:: Listed entries ::
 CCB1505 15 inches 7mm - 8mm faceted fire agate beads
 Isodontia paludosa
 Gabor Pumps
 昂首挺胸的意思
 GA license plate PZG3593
:::
### About this task
Make an exact copy of the records.

### The answer
 CCB1505 15 inches 7mm - 8mm faceted fire agate beads
 Isodontia paludosa
 Gabor Pumps
 昂首挺胸的意思
 GA license plate PZG3593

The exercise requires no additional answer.